人生は選択の連続だ。自分の思い通りにいくばかりではなくて、何かを選ぶと同時に諦めなければならないものも生まれてくる。今日のわたしの夕飯も同じだった。ラーメン屋で穴が開くほどメニューを見つめながら、究極の選択を迫られている。
「おいしいホルモン炒めがある」という話を友人から聞いて、バイト終わり近くのラーメン屋に寄った。今日はほとんど何も口にしていなかったから、約9時間の労働分だけカロリーを摂取してやろうと思って、友人から聞いた目当ての品を探す。3枚目の厚紙を捲ったところで、「ホルモン野菜炒め」という文字列が見えた。迷わず店員さんを呼ぶべく片手を空に投げかけたところで、わたしはあることに気がついてしまった。ここからが葛藤の始まりだった。
ホルモン野菜炒めには、「にんじん」というバケモノみたいな具材が混入していたのである。誰なんだ、他に非の打ち所がないほど煌めいたこの野菜炒めに唯一の泥を塗ろうと思った人間は。メニューの写真を見たところ、薄くはあるもののかなり大きめに切られた彩度の高いにんじんが皿の上にそこかしこ盛り付けられていた。わたしがこの世で最も憎むべき存在であるところの、にんじんとかいう野菜の風上にも置けない魔物が、写真越しですら私の気を悪くさせる。
しかし、しかしだ。わたしは9時間の労働の中で、ずっとこのホルモン野菜炒めにありつくことだけを楽しみに生きてきたのだ。このまま諦めてラーメンに鞍替えしていては今日のわたしが報われない。にんじんがこの世で最も忌むべき存在であると同時に、わたしにとってホルモン野菜炒めとは今最も口にしたい至高の料理と化していたのだ。体がこの味を欲していることが、自分でもわかっている。写真の中でホルモンの隙間から控えめに覗くキャベツと玉葱は、光に反射してつやつやと輝いていてどこまでも食欲をそそり、わたしはこの少し濃いタレで絡められた葉野菜を食べるためだけに生まれてきたのだと思いながら、懸命に心中でにんじんを呪う。おまえさえ居なければ…………

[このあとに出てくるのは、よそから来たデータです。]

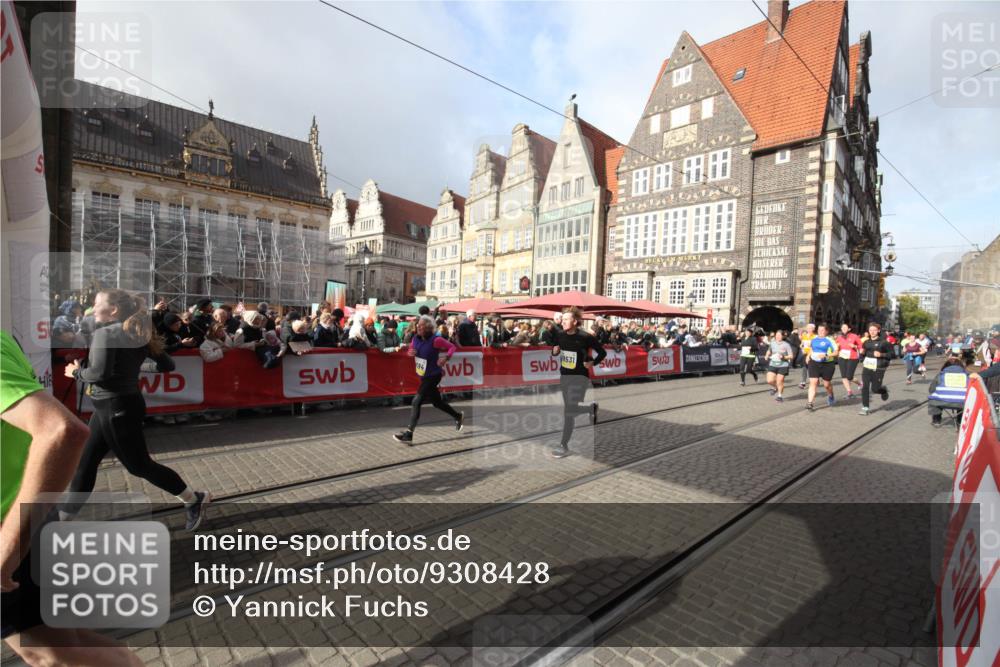 05.10.2025 - 20. swb-Marathon Bremen Yannick Fuchs http://msf.ph/oto/9308428 05.10.2025 11:04:39 Ziel 9394, 9915, 10485, 10531, 10674, 10869, 10956, 11196, 11542, 11704 meine-sportfotos.de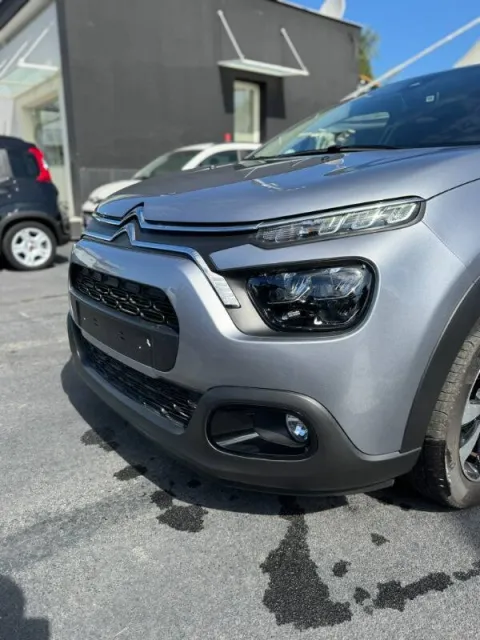 Citroen C3 1.2 puretech Max s&s 110cv - Immagine 2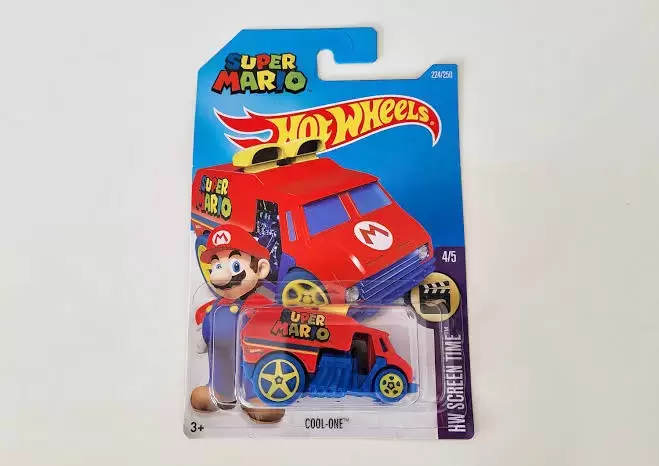 Mainline Hot Wheels - Hot Wheels Super Mario Cool-One 4/5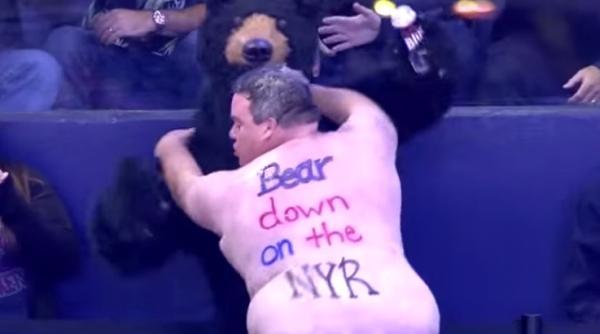 spectacol uluitor oferit de un fan impatimit al echipei columbus blue jackets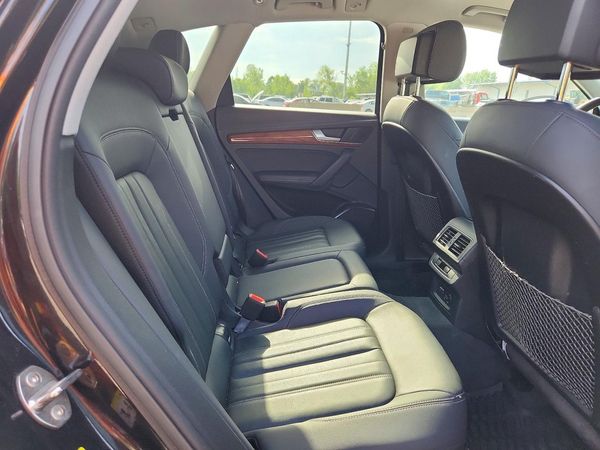 2022 AUDI Q5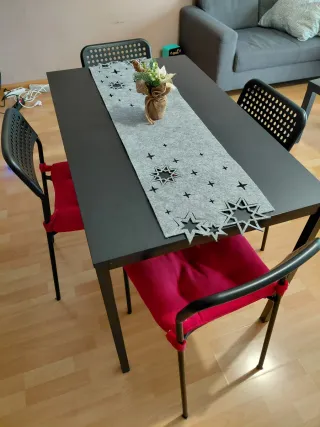 Mesa SANDSBERG 110x67 + 4 Sillas ADDE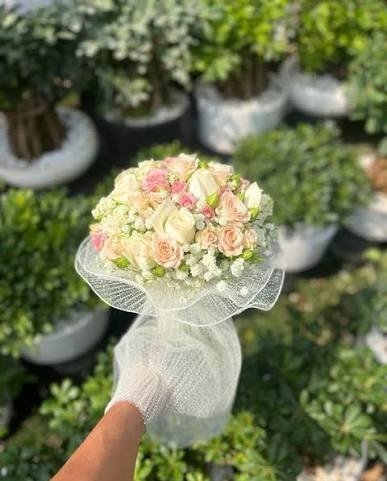  دسته گل عروس رز مینیاتوری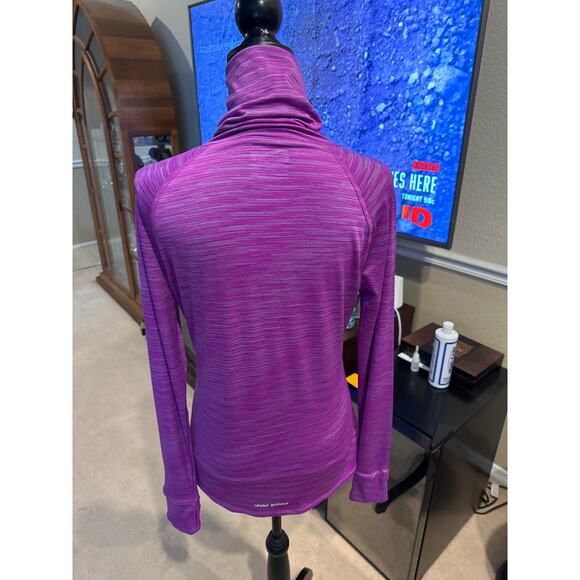 Women’s Under Armour Base Layer Running Shirt Size XL - Picture 4 of 5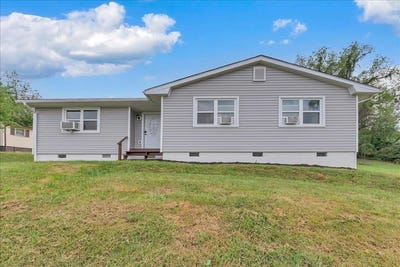 /international/us/935-ne-depot-street-christiansburg-va-110119965644/
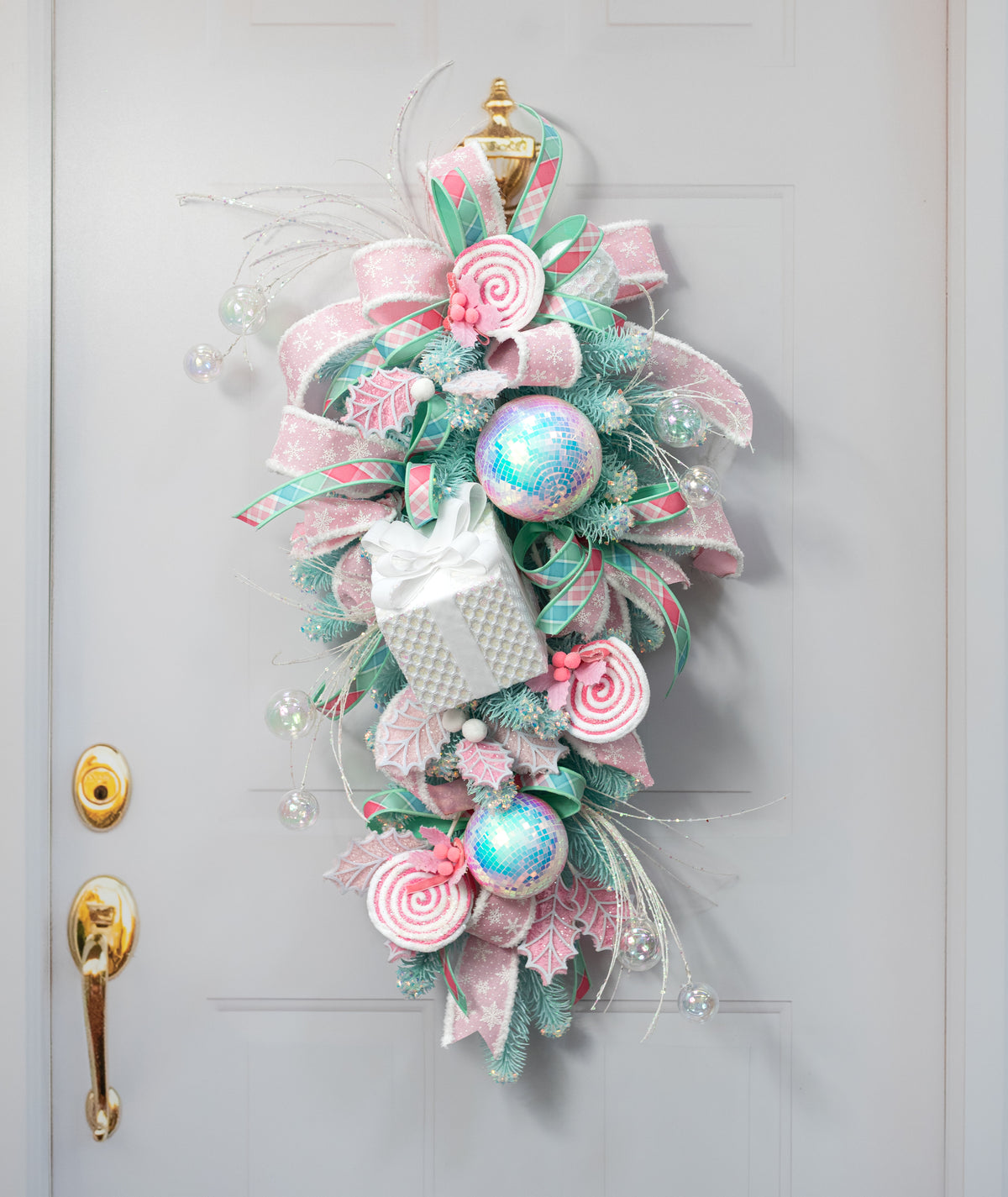 6.75" Mesh Sequin Gift Box Decor: Iridescent White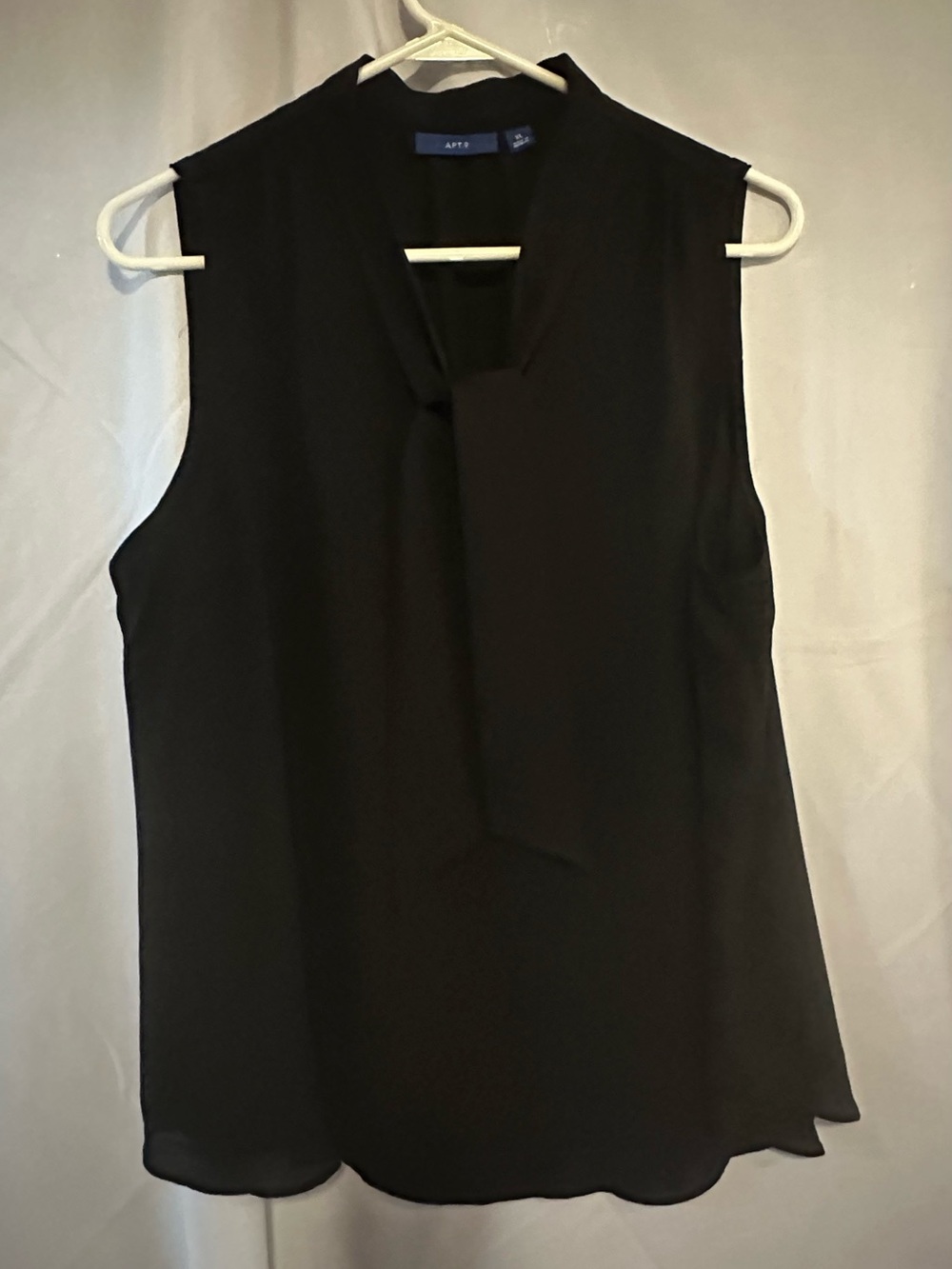 Apt. 9 Black Sleeveless Tie-Neck Camisole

私の中に与えられた選択肢は4つだった。①何もなかった顔で退出する ②普通にラーメンだけを食べて帰る ③ホルモン炒めを注文してにんじんをすべて食べる ④ホルモン炒めを注文してにんじんだけ残して帰宅する ……全部無理だ。閉店までに残された30分という時間の中で、わたしひとりで決断を下すには荷が重すぎる事案だった。己の命運を懸けるべく、わたしはルーレットサイトを取り出した。①②③④を入力してくるりと回し、かちかちとゆっくり止まっていく90度のパイ図を見つめていたら、針は③を指したまま動かなくなった。これが、にんじんもホルモン野菜炒めも食べることが決定した瞬間だった。正直なところ勇気はまったくなく、いくら頑張ったところであのタイプのにんじんを食べ切れるかどうか、わたしにも分からない。しかし決まったものは決まったのだ。これは神様から与えられた貴重な機会などと思うことにして、恐る恐る右腕を上げた。あの、すみません。はあい、と間延びした店員さんの声が聞こえる。言うぞ、ちゃんと言うんだからな、にんじんも食べるんだからな、とじぶんに言い聞かせながら店員さんの方へ向き直る。
「あの、ホルモン野菜炒め、ひとつ、」
「ごめんなさい、今日はもう売り切れで」
売り切れだった。ラーメンを食べて帰った。